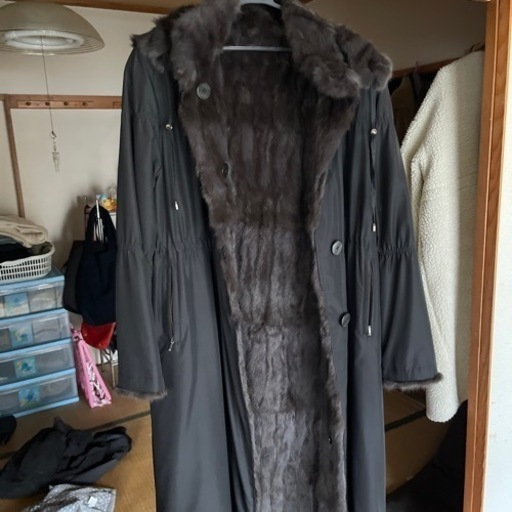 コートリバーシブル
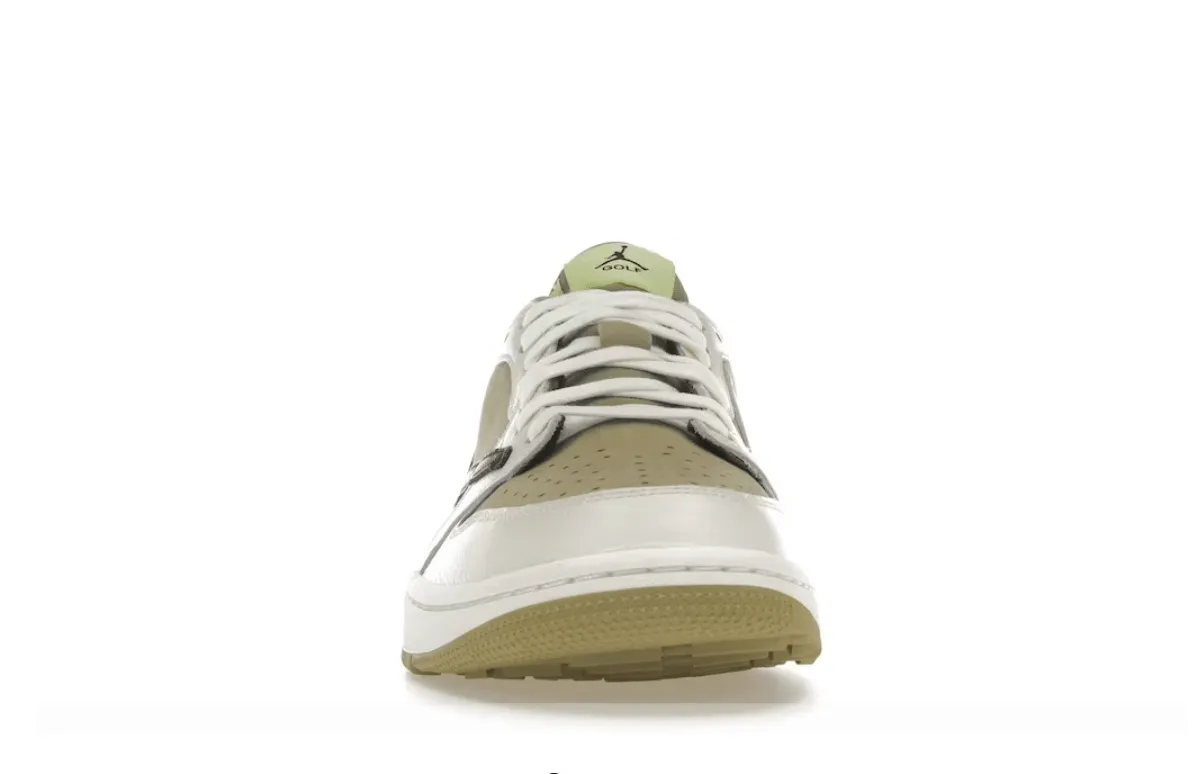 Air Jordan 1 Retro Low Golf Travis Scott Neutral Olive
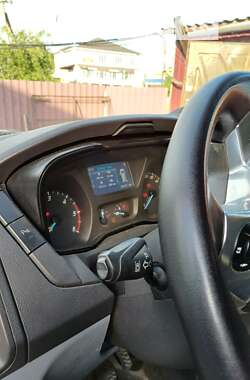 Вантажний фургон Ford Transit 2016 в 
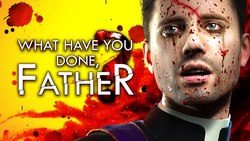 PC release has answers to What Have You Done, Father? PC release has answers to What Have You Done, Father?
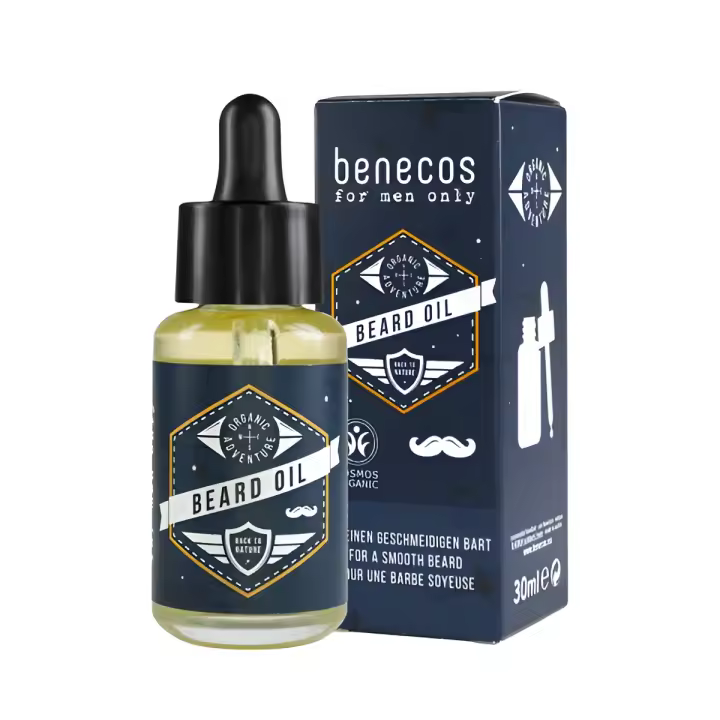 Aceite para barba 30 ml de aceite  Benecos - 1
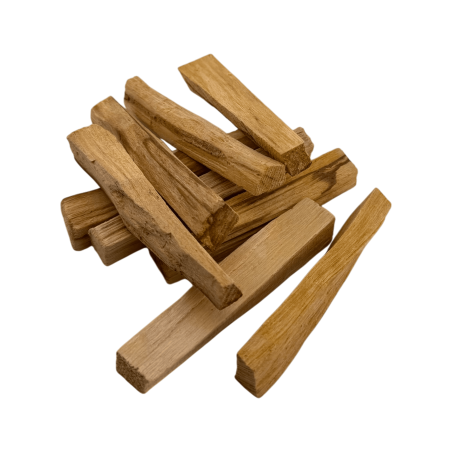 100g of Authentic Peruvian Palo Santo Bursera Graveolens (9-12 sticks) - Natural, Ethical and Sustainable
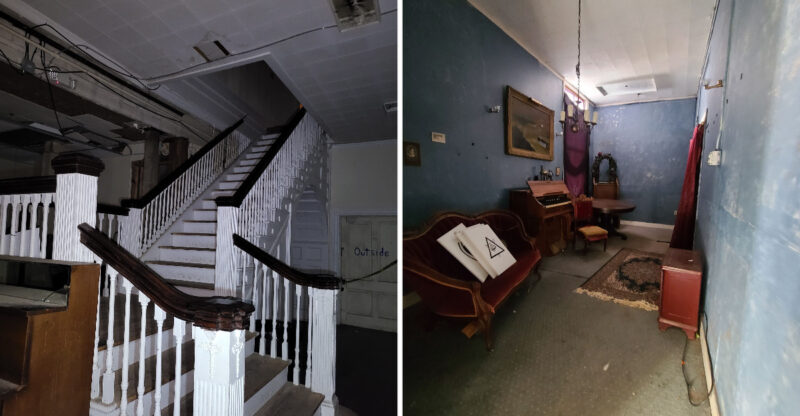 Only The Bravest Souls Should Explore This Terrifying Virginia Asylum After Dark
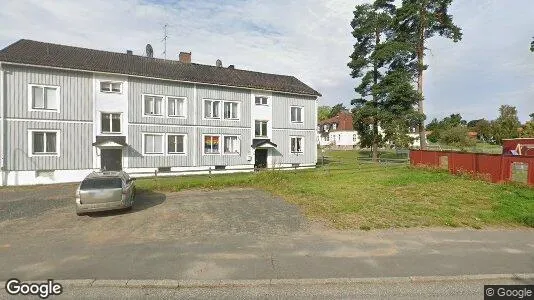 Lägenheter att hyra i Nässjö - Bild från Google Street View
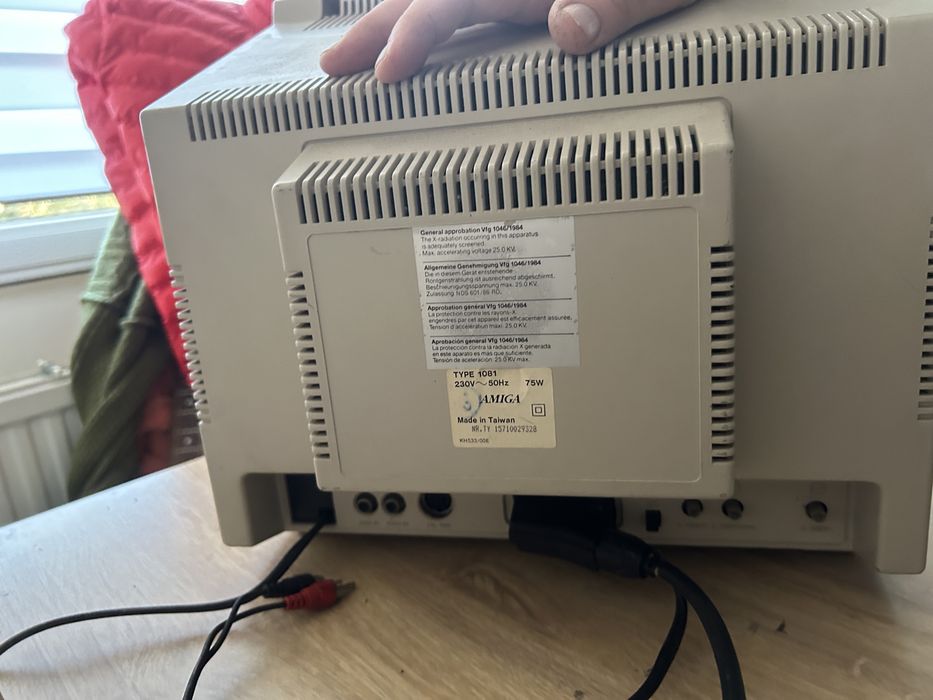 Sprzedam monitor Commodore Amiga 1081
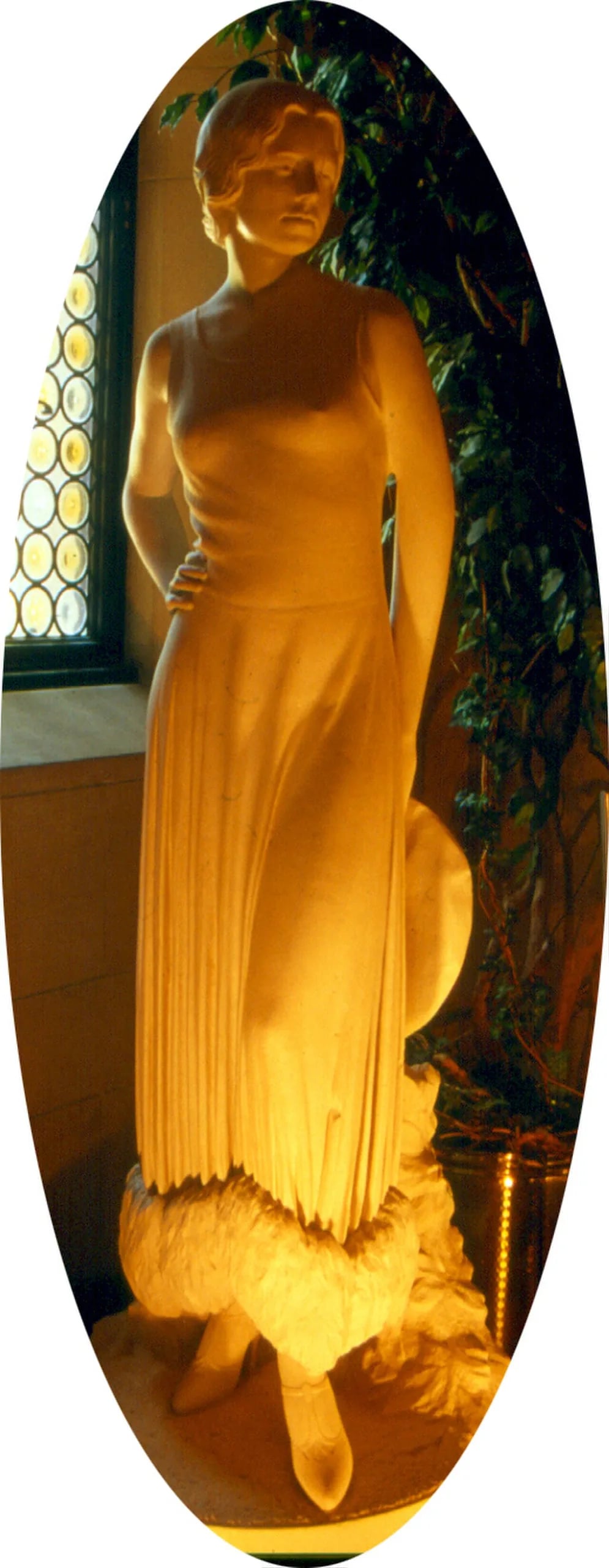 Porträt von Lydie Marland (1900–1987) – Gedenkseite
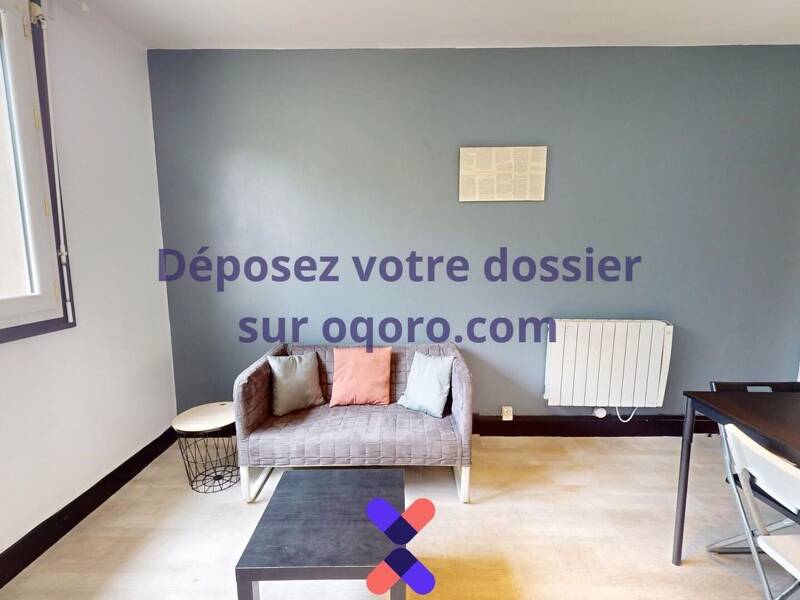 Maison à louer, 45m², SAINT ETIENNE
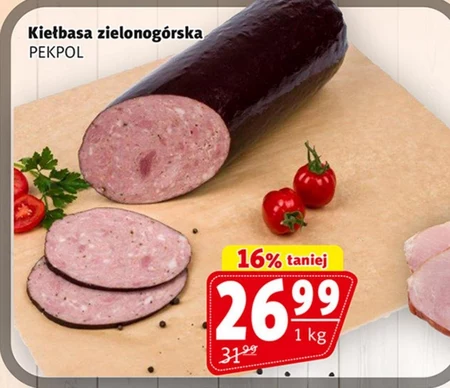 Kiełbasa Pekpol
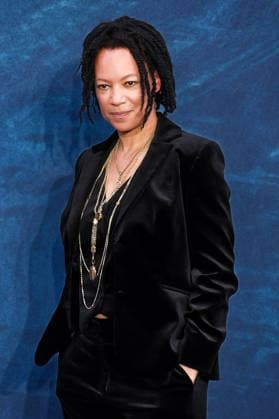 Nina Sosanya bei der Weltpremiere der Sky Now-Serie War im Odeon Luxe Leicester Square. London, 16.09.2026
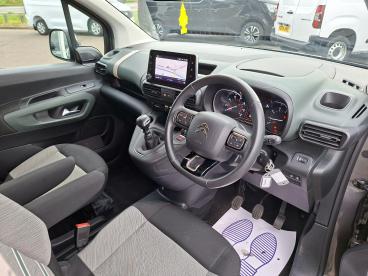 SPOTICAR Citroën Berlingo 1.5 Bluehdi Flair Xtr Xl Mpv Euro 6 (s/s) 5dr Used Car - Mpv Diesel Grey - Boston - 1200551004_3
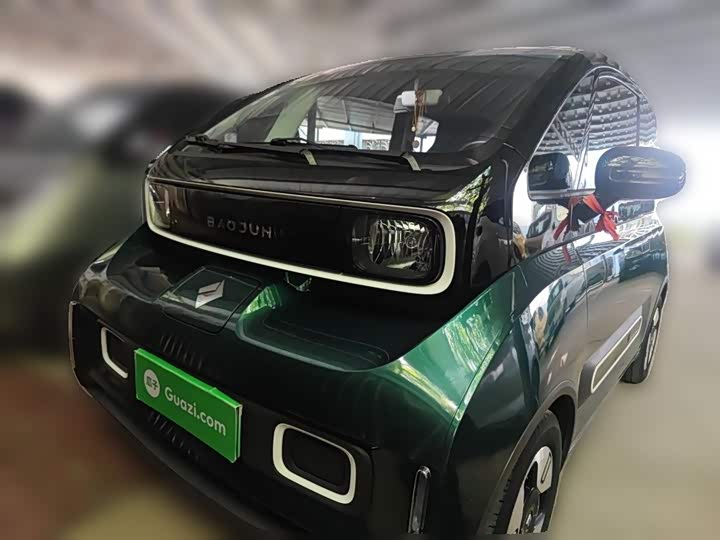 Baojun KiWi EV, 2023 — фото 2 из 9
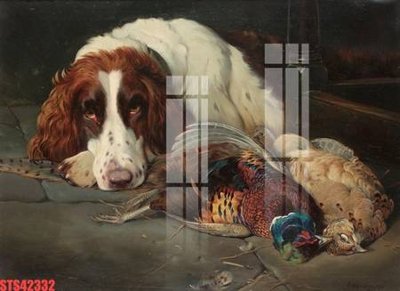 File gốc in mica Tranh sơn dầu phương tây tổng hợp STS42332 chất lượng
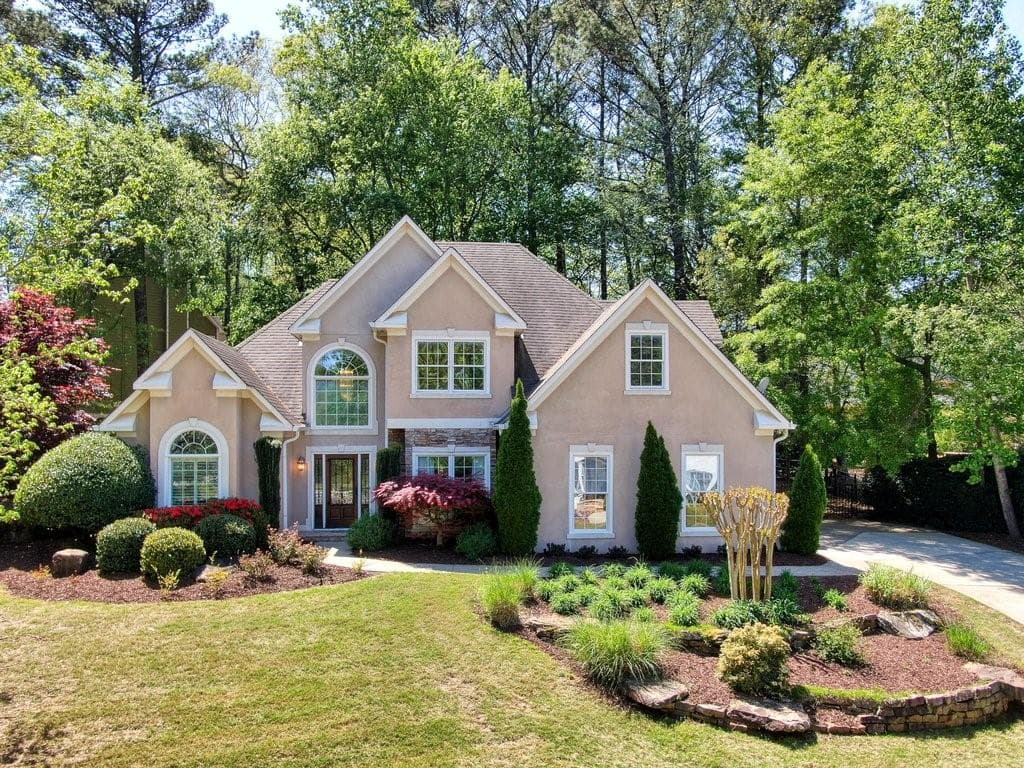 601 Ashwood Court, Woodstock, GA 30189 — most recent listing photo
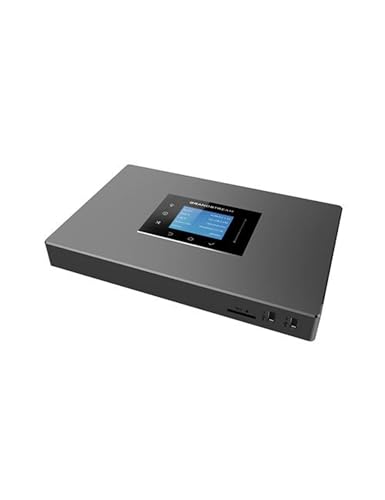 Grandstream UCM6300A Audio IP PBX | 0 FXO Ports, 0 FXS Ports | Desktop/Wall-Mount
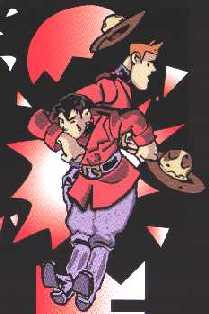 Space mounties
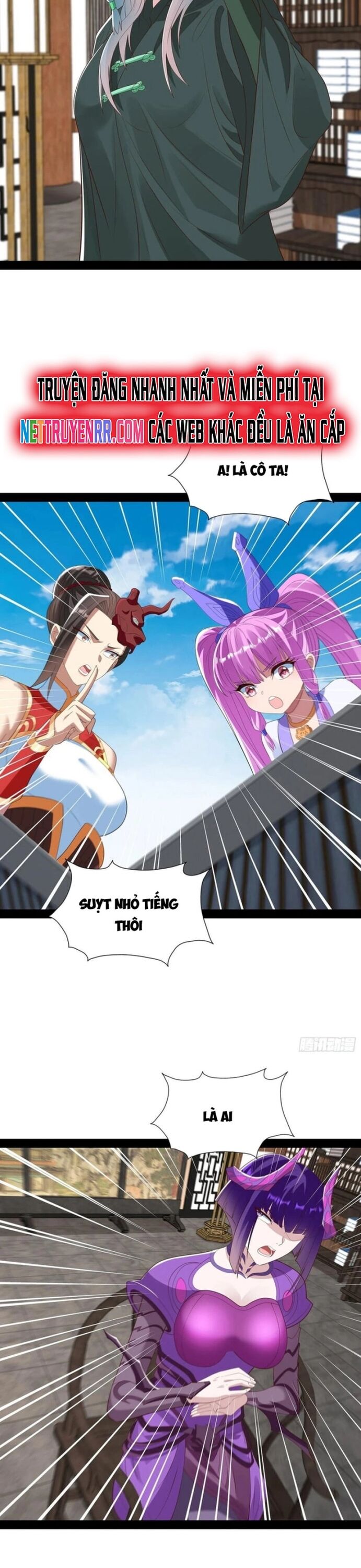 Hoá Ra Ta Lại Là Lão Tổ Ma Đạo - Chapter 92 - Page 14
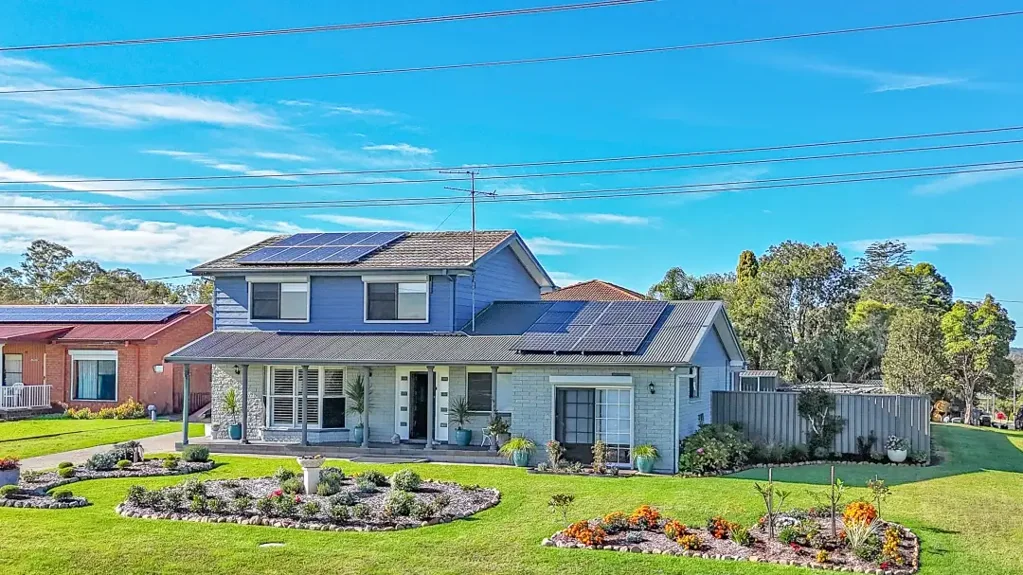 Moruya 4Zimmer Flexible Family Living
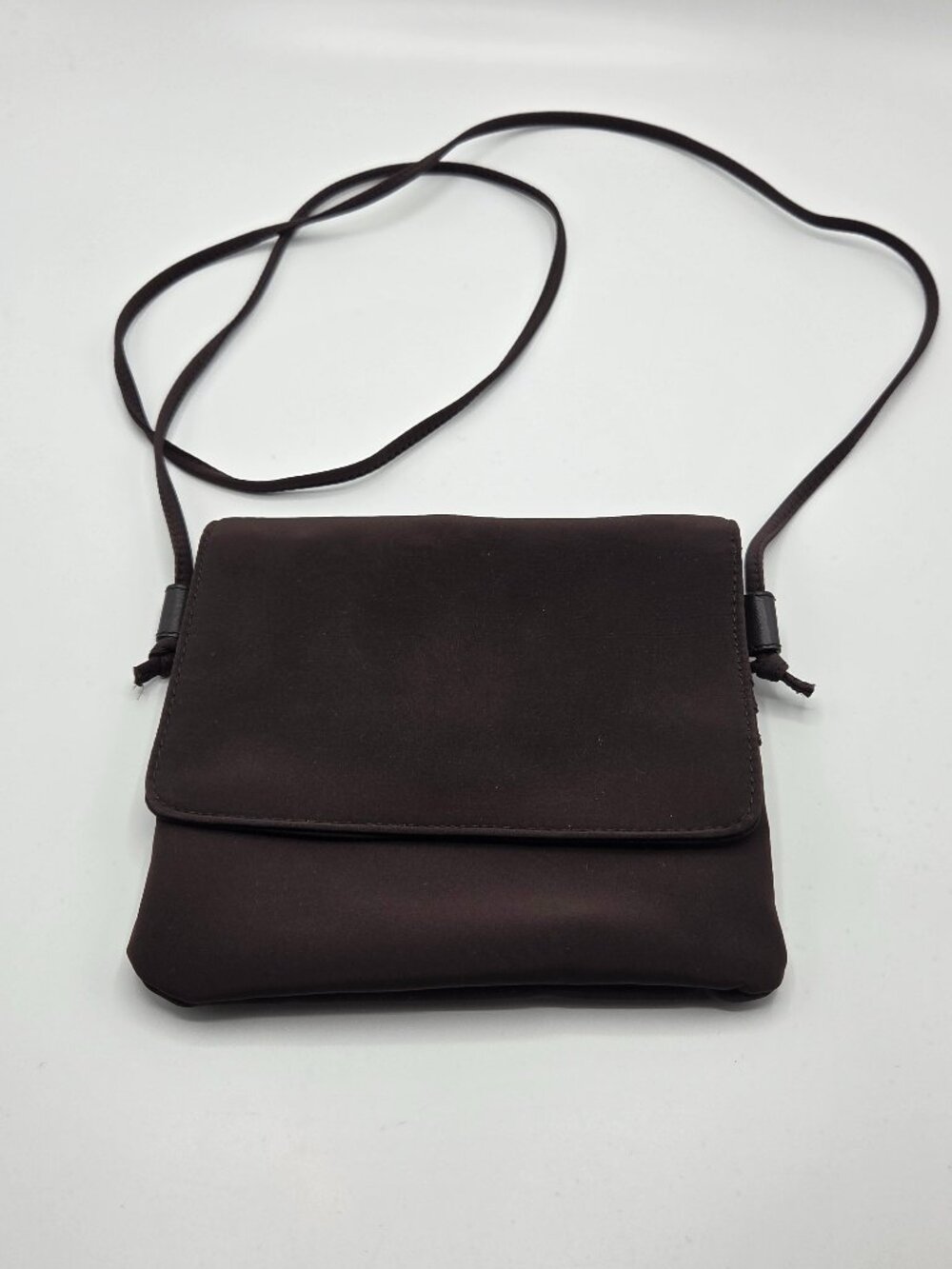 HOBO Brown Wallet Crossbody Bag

Task objective -> Starting with the line that holds "Sprzedam monitor Commodore Amiga 1081", print each line through the last one of the data exactly as written, but do not include the pictures.

Result for this exercise ->
 Sprzedam monitor Commodore Amiga 1081
 Porträt von Lydie Marland (1900–1987) – Gedenkseite
 Maison à louer, 45m², SAINT ETIENNE
 Kiełbasa Pekpol
 Nina Sosanya bei der Weltpremiere der Sky Now-Serie War im Odeon Luxe Leicester Square. London, 16.09.2026
 SPOTICAR Citroën Berlingo 1.5 Bluehdi Flair Xtr Xl Mpv Euro 6 (s/s) 5dr Used Car - Mpv Diesel Grey - Boston - 1200551004_3
 Baojun KiWi EV, 2023 — фото 2 из 9
 File gốc in mica Tranh sơn dầu phương tây tổng hợp STS42332 chất lượng
 601 Ashwood Court, Woodstock, GA 30189 — most recent listing photo
 Grandstream UCM6300A Audio IP PBX | 0 FXO Ports, 0 FXS Ports | Desktop/Wall-Mount
 Space mounties
 Hoá Ra Ta Lại Là Lão Tổ Ma Đạo - Chapter 92 - Page 14
 Moruya 4Zimmer Flexible Family Living
 HOBO Brown Wallet Crossbody Bag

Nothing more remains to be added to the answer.